__ACTIVITY__
Below are records to be repeated exactly. Leave their pictures behind.
(DATASET begins)
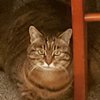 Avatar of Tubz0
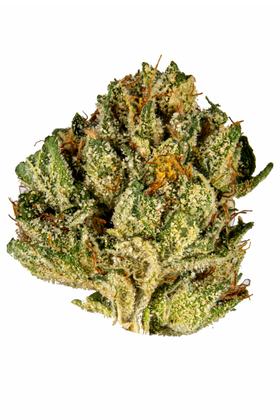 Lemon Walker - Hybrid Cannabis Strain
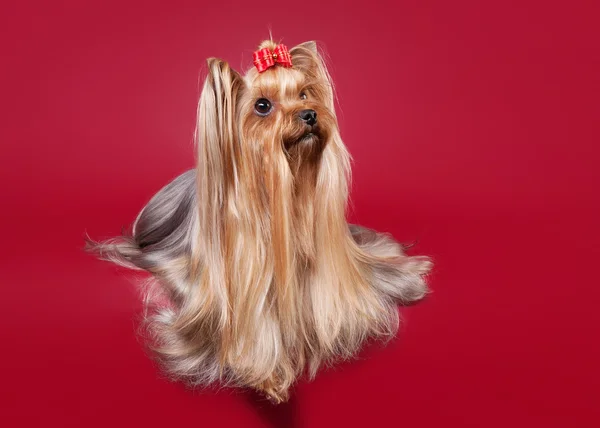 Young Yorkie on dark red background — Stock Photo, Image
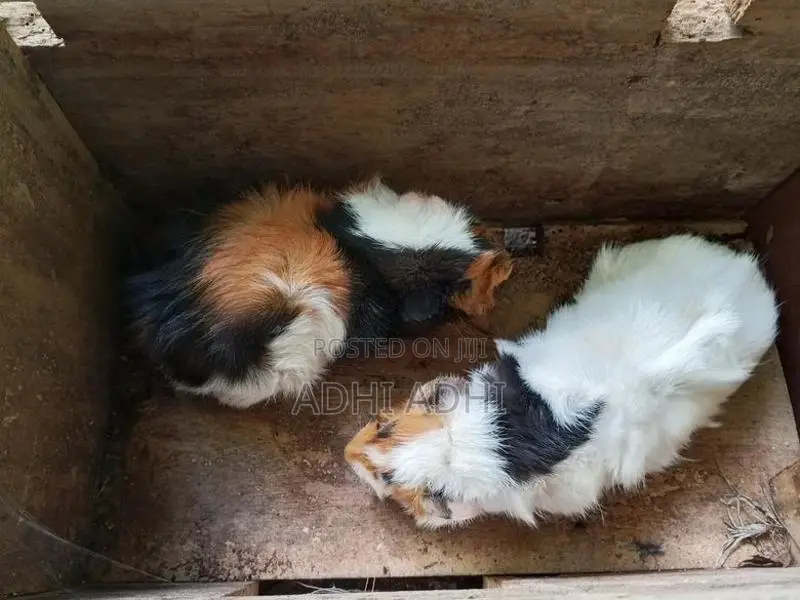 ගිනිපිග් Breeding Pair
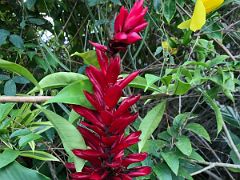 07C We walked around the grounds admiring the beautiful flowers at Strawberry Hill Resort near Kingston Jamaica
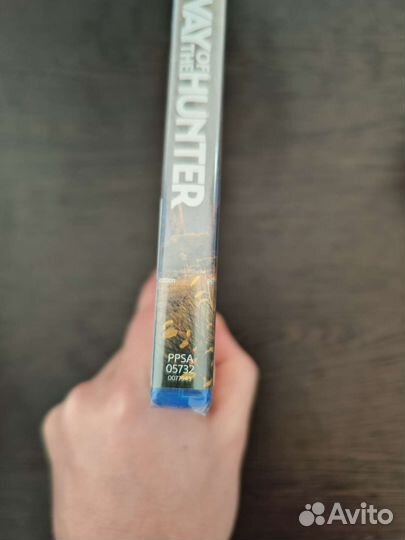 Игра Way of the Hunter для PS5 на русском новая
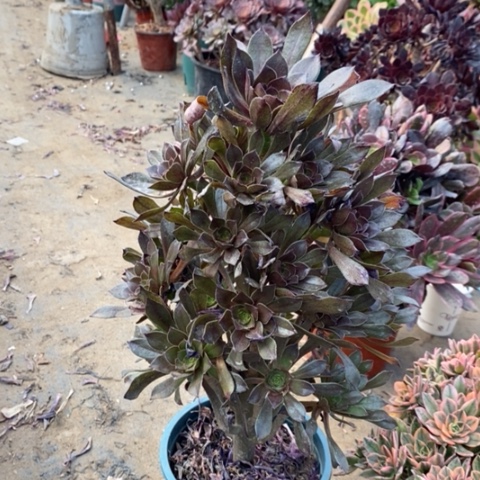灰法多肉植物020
(DATASET ends)
__SOLVED EXERCISE__
 Avatar of Tubz0
 Lemon Walker - Hybrid Cannabis Strain
 Young Yorkie on dark red background — Stock Photo, Image
 ගිනිපිග් Breeding Pair
 07C We walked around the grounds admiring the beautiful flowers at Strawberry Hill Resort near Kingston Jamaica
 Игра Way of the Hunter для PS5 на русском новая
灰法多肉植物020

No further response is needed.